Originally conceived as the basis of a pictorial history of Australia and New Zealand, Nan Kivell's collection began to extend beyond the purely pictorial. It came to encompass a whole range of documentary evidence created during the voyages of discovery, exploration and colonisation of the Antipodes in the seventeenth, eighteenth and nineteenth centuries, and the material produced as a result of those voyages. His collection also included Māori ceremonial war clubs, Māori language publications and manuscripts, emu eggs, scrimshaw, Aboriginal king plates, a compass and sundial and Thomas Baines’ magnificent painted lantern slides of the mid-1850s. By the late 1940s, Nan Kivell's collection had become substantial and was housed in various locations around England. In 1946, concerned about the safety and preservation of the collection, Nan Kivell began negotiations with representatives in London of the then Commonwealth National Library, the present day National Library of Australia (NLA). In 1949 the first consignment of pictures, books and other material reached Canberra on loan to the Library, which then sought, over a decade, to bring the collection into Australian ownership. In 1992, 32 works from the collection were placed on long-term loan to the National Gallery of Australia.

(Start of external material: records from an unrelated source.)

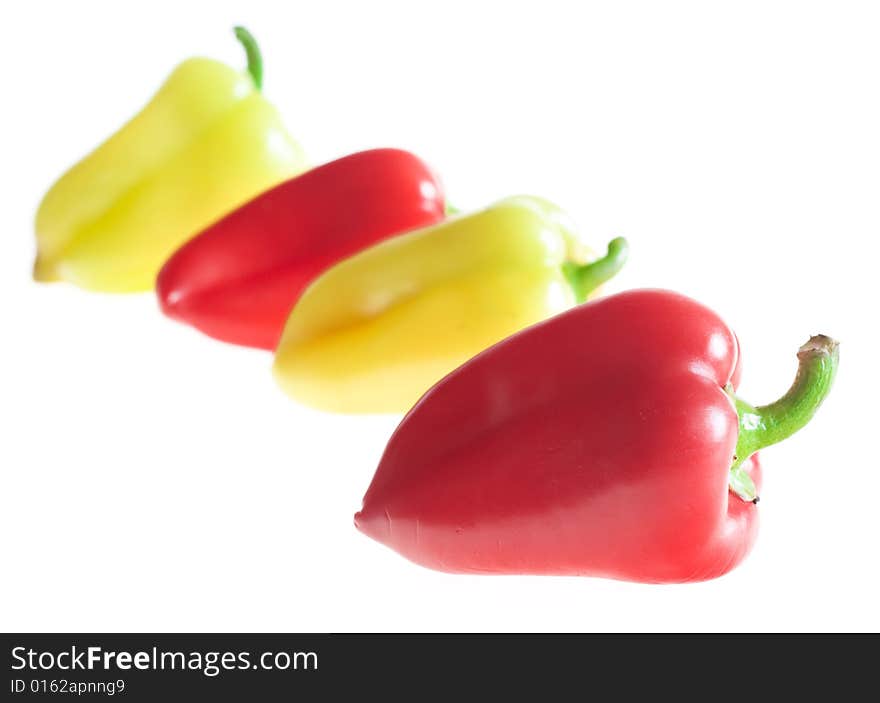 Fresh color peppers isolated on white. Fresh color peppers isolated on white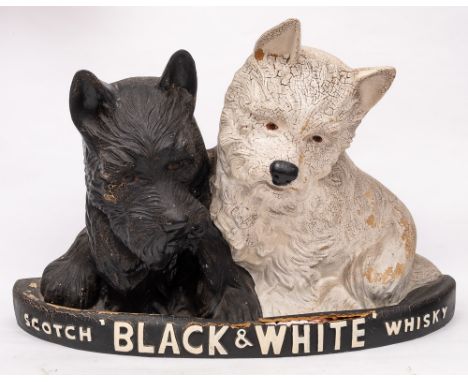 A mid 20th century 'Black &amp; White' Scotch whisky advertising model of two Terriers on a demi lune base,: 52 x 82cm (damag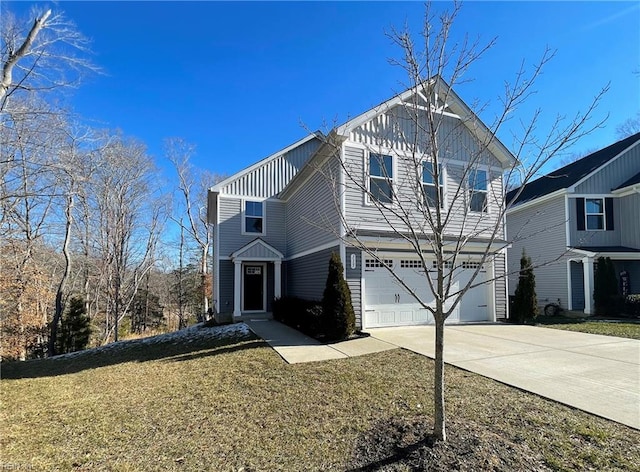 view of front of house with a front lawn and a garage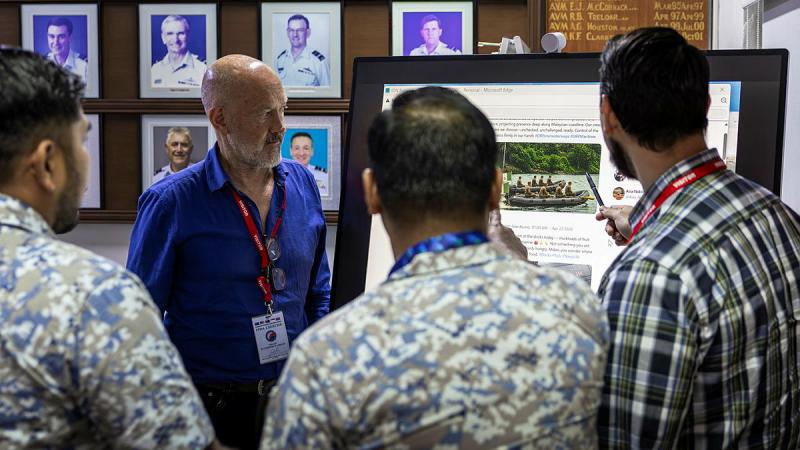 A man faces three others as he explains a display on a board.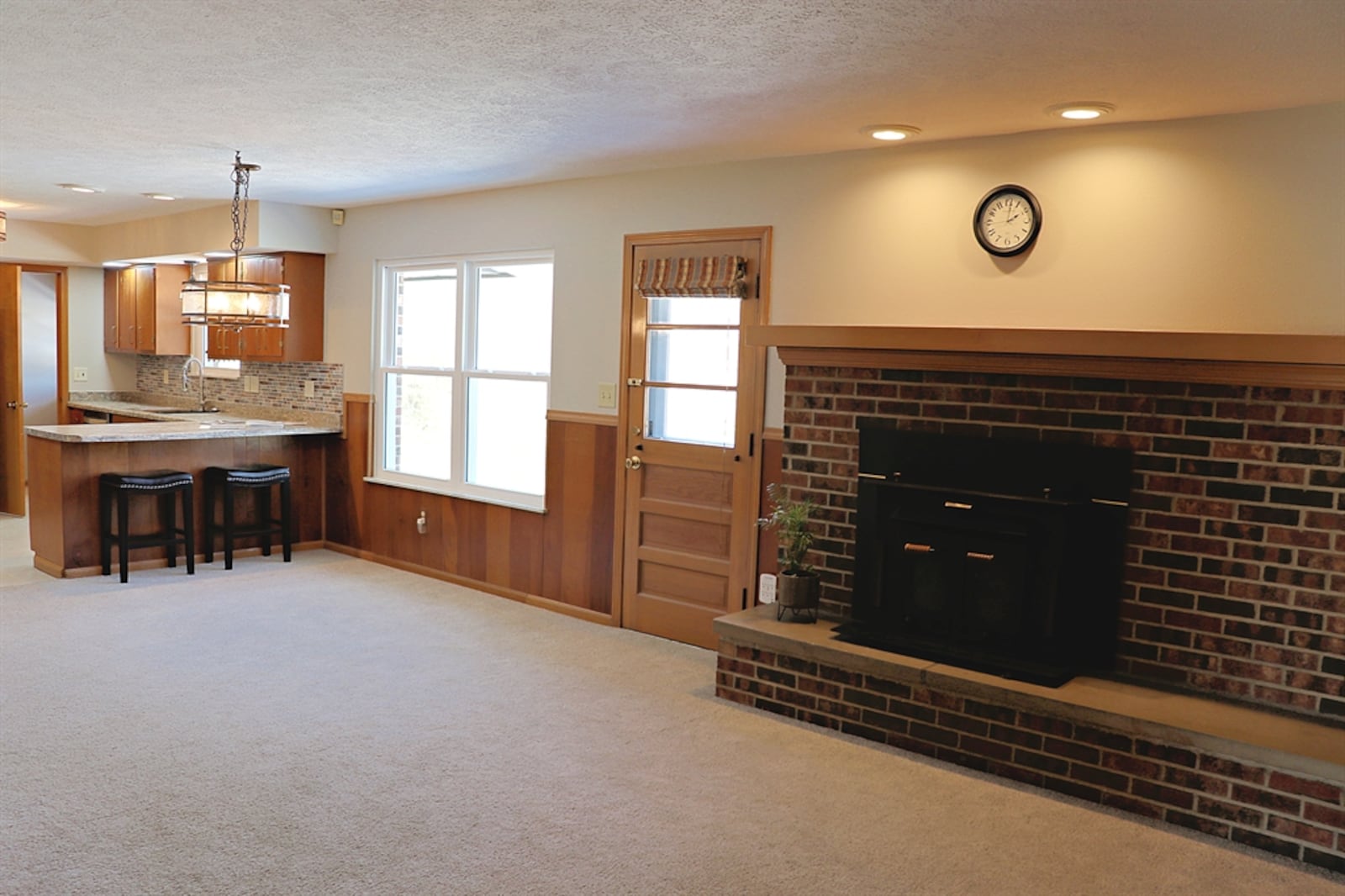 The residence features three wood-burning fireplaces.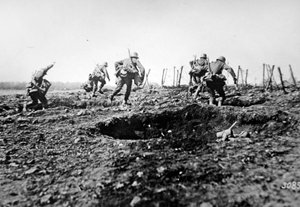 WWI German stormtroopers advance at Sedan with bags of grenades slung round their necks, Western Front by Photographer German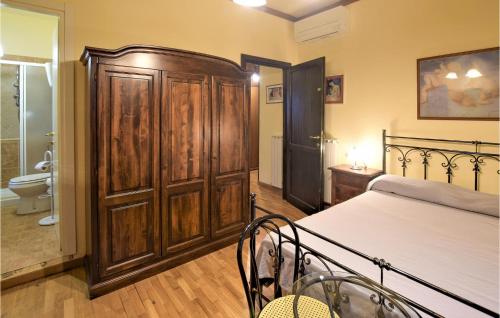a bedroom with a bed and a large wooden cabinet at Amazing Home In Rivotorto Di Assisi in Passaggio Di Assisi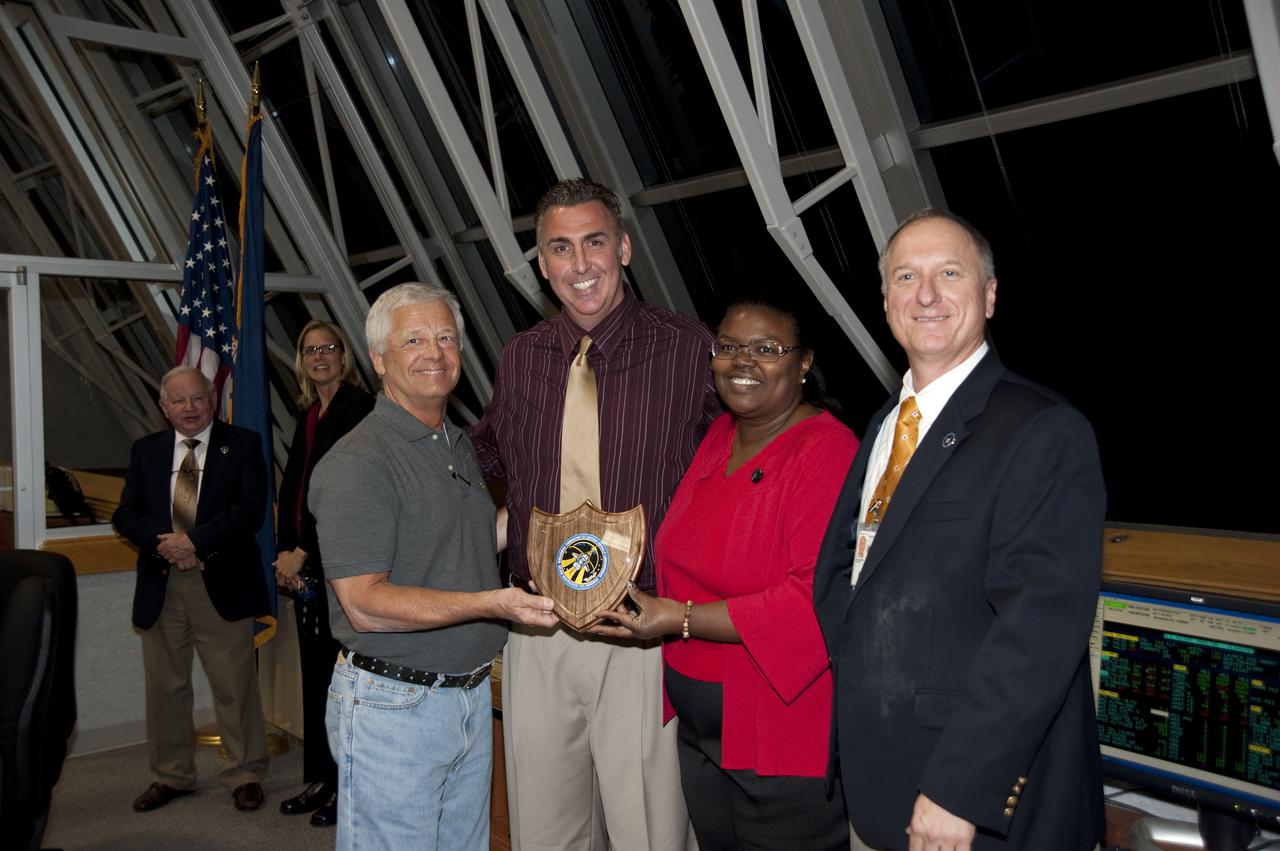 CAPE CANAVERAL, Fla.  - STS-131 Launch Director Pete Nickolenko (right) proudly stands next to Nita Collins with USA Firing Room Quality Control, Dallas McCarter, NASA Safety and  Jim Marczak with USA Logistics, after presenting them with the Launch Director’s Flow award after the liftoff of shuttle Discovery on the STS-131 mission.  Shuttle Discovery lifted off at 6:21 a.m. EDT on April 5, 2010. The seven-member STS-131 crew will deliver the multi-purpose logistics module Leonardo, filled with supplies, a new crew sleeping quarters and science racks that will be transferred to the International Space Station's laboratories. The crew also will switch out a gyroscope on the station’s truss, install a spare ammonia storage tank and retrieve a Japanese experiment from the station’s exterior. STS-131 is the 33rd shuttle mission to the station and the 131st shuttle mission overall. For information on the STS-131 mission and crew, visit http:__www.nasa.gov_mission_pages_shuttle_shuttlemissions_sts131_index.html. Photo credit: NASA_Kim Shiflett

This arrangement was ordered by the then Prime Minister of Australia, Paul Keating, after the National Gallery and National Library disputed ownership of the collection.

==Honours==
On the recommendation of the Australian Government, Nan Kivell was appointed a Companion of the Order of St Michael and St George (CMG) in 1966 for "services to the Australian National Library". In 1976 he was made a Knight Bachelor, again by Australia. It has been suggested one of his motivations in selling his collection of Australiana at a fraction of its true value was to gain the knighthood he had long coveted for the purposes of social advancement.

==Death==
He died on 7 June 1977 in Paddington, London and was buried in the parish churchyard at West Lavington, Wiltshire. He attempted to obscure his illegitimacy even beyond the grave, by having a false date of birth inscribed on his tomb.